Voyage en van
La liberté spatiale. Ou plutôt, la van life. Ce matin, il est 6 h, l’aube s’étire lentement, et nous venons de terminer de charger le van. Dehors, l’air est vif, le silence encore plein de promesses. Le moteur s’éveille doucement, et déjà, l’aventure commence.
Dans les placards, des jeux de société pour les soirées pluvieuses, des livres pour les heures tranquilles, un bloc-notes pour graver les pensées volantes.
Dans le frigo, des œufs, du café, de la tisane. Le strict nécessaire, mais aussi tout ce qu’il faut pour être bien.
Pour le confort, des plaids moelleux, des polaires, des bonnets, et ce linge familier qui garde l’odeur du foyer.
Et puis, surtout, un journal de bord. Parce qu’un voyage sans mots serait comme une mer sans reflets, et qu’il faut bien garder trace de tous ces moments que l’on ne veut pas voir s’effacer.

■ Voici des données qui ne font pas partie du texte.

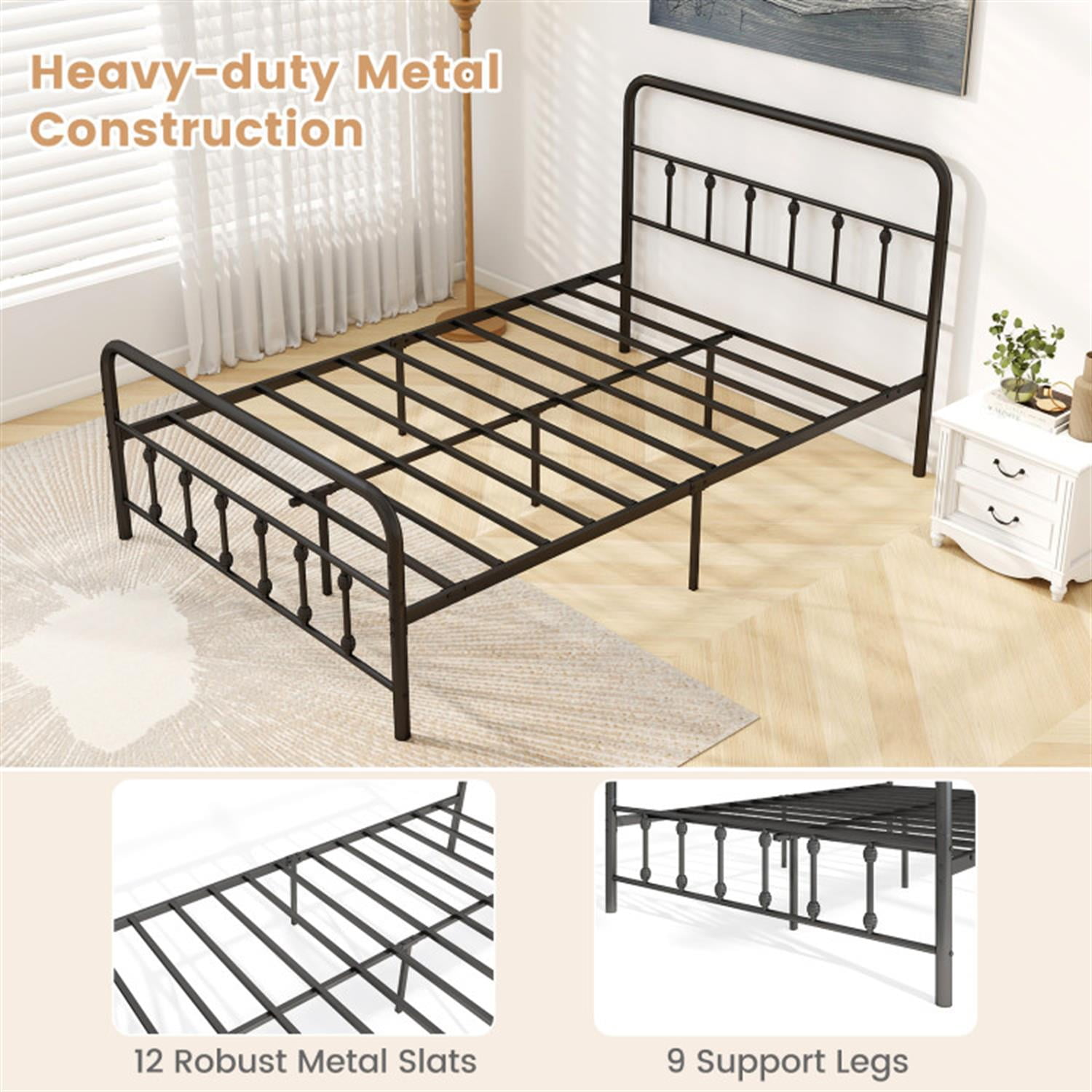 Demi Bonn Full Size Bed Frame with Headboard, Metal Platform Bed Frame with Under Bed Storage, No Box Spring Needed, Black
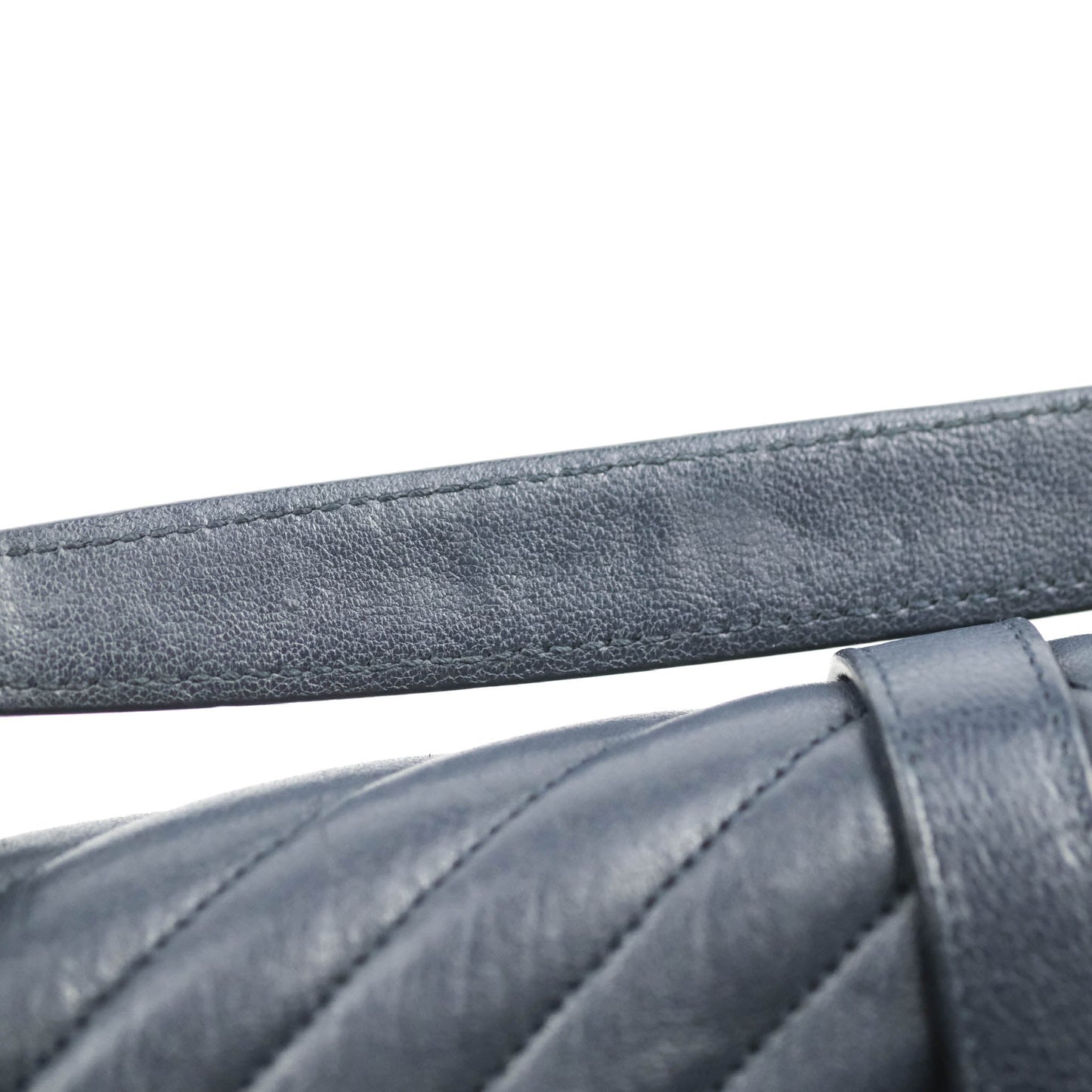 Saint Laurent Chevron Large College Navy Chain Bag Ruthenium Hardware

Dehors, la fraîcheur nous enveloppe sans nous glacer. C’est un froid qui réveille, un froid vivant. On roule une heure, peut-être deux, au rythme du jour qui s’élève. Quand la faim nous gagne, on s’arrête sur une aire d’autoroute. L’un des privilèges de cette vie sur roues, c’est de pouvoir préparer soi-même son repas. Un grand verre d’eau, des œufs brouillés, l’odeur du café qui emplit l’air. À quelques pas, des vaches broutent paisiblement. Je prends mon thermos et vais les saluer. Le monde semble simple, presque parfait.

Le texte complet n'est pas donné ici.